Each day she's uploaded our rough cut onto Youtube and friends have generously watched it and given us feedback. I can't thank them enough for all their time and effort.
As a meditative pleasure I walk a couple of blocks to the local Temple in the early mornings and early evenings, unlock the gate with the key that Aweis gave me, and pour cups of water onto the spinach seedlings that I've gotten him to call the little guys.
If I knew what my last blog was, written so long ago that I have no way of remembering, I'd know if I introduced you to him -- this remarkable Somali Bantu man who learned English while he was in the detention camp in Kenya and came here to become a community organizer for his people, along with having another full time job.
At any rate, he's my hero. Not only because of what he, and so many Somali Bantus, have endured, or because of his remarkable ability to convey something of his story for what will be a local video tape, or because of his gentle, steady way of moving this garden project along, but because he carries two buckets around the block to the spigot on the other side of the Temple, climbs the steps, jumps over a low wall, fills them, hoists them up, climbs up, and carries the water back around so that he can dip cups of water onto the plants. He kept all the purchased and donated vegetables alive during the heat wave. And now I'm adding to his work by having convinced him to transplant many of the seedlings that were tossed as seeds in a bunch rather than planted in a row during that first day of planting when Fatima and her son, and some of us from the Community Garden, got this things started.

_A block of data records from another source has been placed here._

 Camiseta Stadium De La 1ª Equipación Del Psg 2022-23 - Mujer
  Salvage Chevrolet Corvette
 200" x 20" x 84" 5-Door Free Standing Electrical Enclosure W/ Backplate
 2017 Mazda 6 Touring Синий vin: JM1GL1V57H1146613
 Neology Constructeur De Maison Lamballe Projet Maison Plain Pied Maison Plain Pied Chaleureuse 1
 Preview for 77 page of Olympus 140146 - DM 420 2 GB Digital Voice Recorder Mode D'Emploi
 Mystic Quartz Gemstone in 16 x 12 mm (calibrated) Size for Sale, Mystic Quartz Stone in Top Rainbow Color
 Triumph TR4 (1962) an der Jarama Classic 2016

The little Spinach guys were calling out to be transplanted and there was a serious need to fill up the third plot, so that's why this folly of transplanting them and of planting more seeds of mustard spinach and chard in two rows that are marked by sticks. To my absolute shock, one of the rows of seeds has already sprouted and most of the little guys have lived.
It turns out that it's necessary that this mother duck that I've become waters them twice a day. I missed yesterday morning and a few died. But I'll go there after I finish this and again this evening. And then I'll try to figure out how to get more water since he left six full buckets which I'll probably use up before he's able to get back on Monday evening after his full time job.

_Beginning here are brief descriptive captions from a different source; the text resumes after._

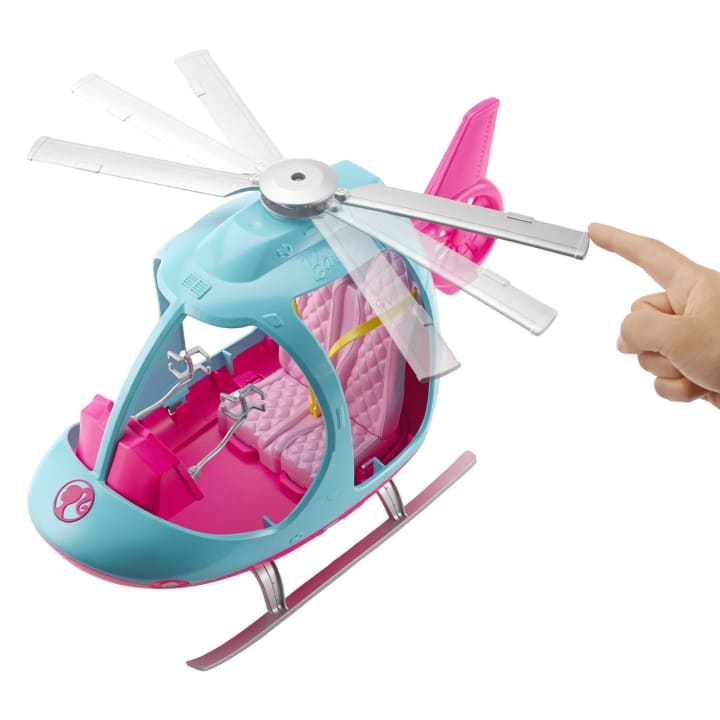 barbie Helicopter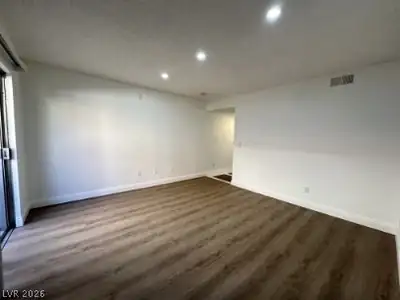 3597 Arville Street 203B Living Room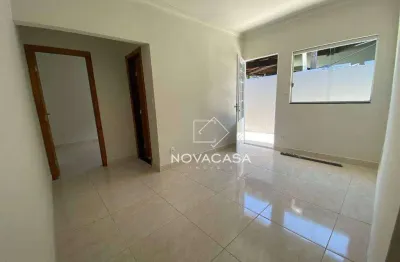 Casa com 1 dormitório para alugar, 40 m² por r$ 1.286,00/mês - parque leblon - belo horizonte/mg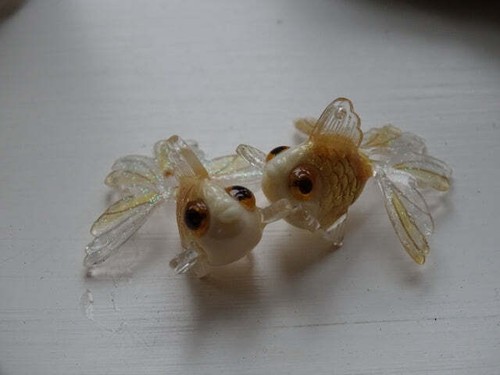 Fantasia fantail resin - 'fantasia, fantail'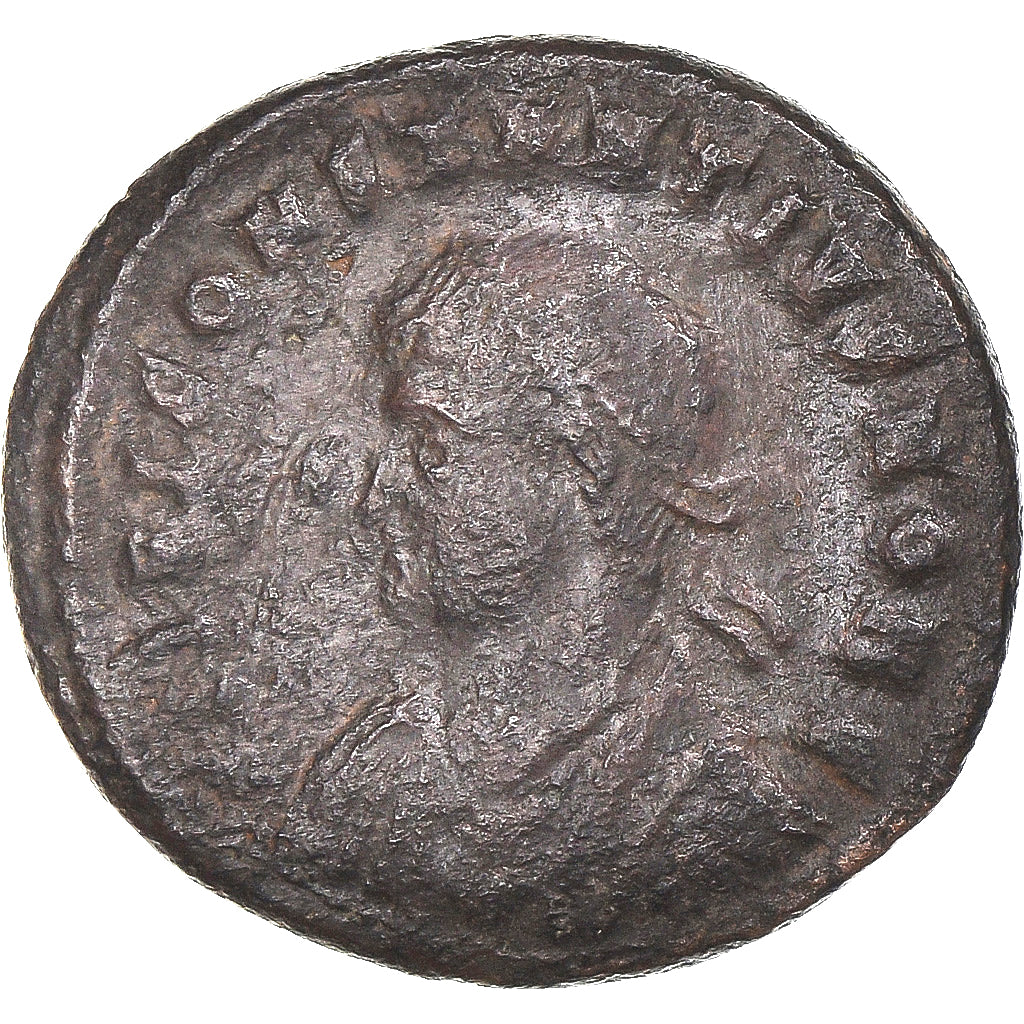 Moneta, Constantius II, Follis, 324-337, Nicomedia, VF(20-25), Brązowy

I find this meditative and pleasurable. And am so glad to have a manageable task. I could go to the Community Garden and work on my bed or I could try to make the tiniest inroads on my own yard which is a wreck and a tangle. But I'd much rather just walk to the Temple with my dog and pour cups of water over the little guys.
Aweis has a large goal -- to make this a viable garden for Somali Bantu families. He needs the experience of this first year and then to engage more families in the process.
My goal is to get the third plot to display some visible success because I am interviewing two of the ladies from the Temple this week for my local video about this project. I want them to see some success with the hope that they will want more garden plots in that large, empty space that's seldom used.
I have been teaching Aweis some Americanisms. One is 'happy as a clam' which I am when I'm pouring those cups of water. Another is 'a hard row to hoe' which is easy for him to adopt since he would have been a farmer had he been able to stay in Somalia. And the other is about staging a house if you are trying to sell it. We are staging that garden. We've both bought some additional plants -- tomatoes, peppers and marigolds. And are making an effort with the little spinach guys.